Nonetheless, from how quiet most of Addis Abeba was throughout the day, it was hard to tell that one of the highly regarded traditional festivities was taking place. The roads of the city, mainly those feeding Mesqel Square, were closed beginning on the afternoon of Friday, and a heavy security presence was felt. At some junctures, even pedestrians were not allowed to pass.
Beyond security fears, part of the relatively muted nature of the festivities was the sensitivity given to the Novel Coronavirus (COVID-19) outbreak in Ethiopia, according to the authorities. The Mesqel holiday held a week ago took place under similarly dampening circumstances.
The Irrecha celebrations were also held in Addis Abeba last year, where it attracted tens of thousands from different parts of the country, mainly Oromia Regional State. Despite being a partly religious, partly traditional festivity that was held annually in Bishoftu, 63Km from Addis Abeba, the fact that it was held in the capital city had political significance.

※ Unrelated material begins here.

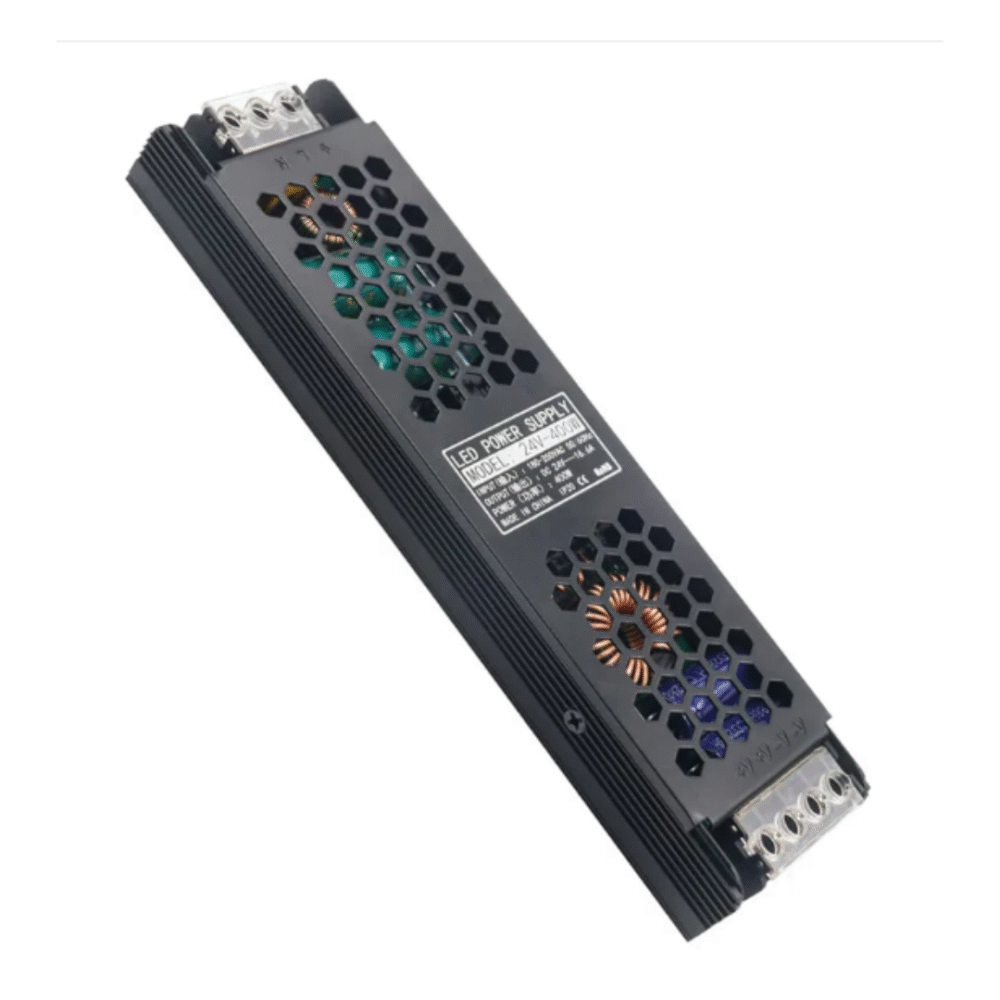 Power Supply for Profile Lights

Four years ago, dozens were killed after a stampede was caused by the actions of security forces during a gathering for the festival in Bishoftu. Last year, the holding of the festival in Addis Abeba was marred by comments that were made by Shimelis Abdisa, president of Oromia Regional State, during a speech he made.
The security fears during the festivity yesterday came as Oromia Regional State remains tense following the death of Hachalu Hundessa, singer and political activist, and the jailing of major opposition figures. Although the authorities indicated that the celebrations ended without any major security issues, there were isolated outbreaks of protests in parts of Addis Abeba by gathered youths. Several of them erupted in response to the restrictions to movement placed at several parts of the city where there were checkpoints, including entry points to Addis Abeba.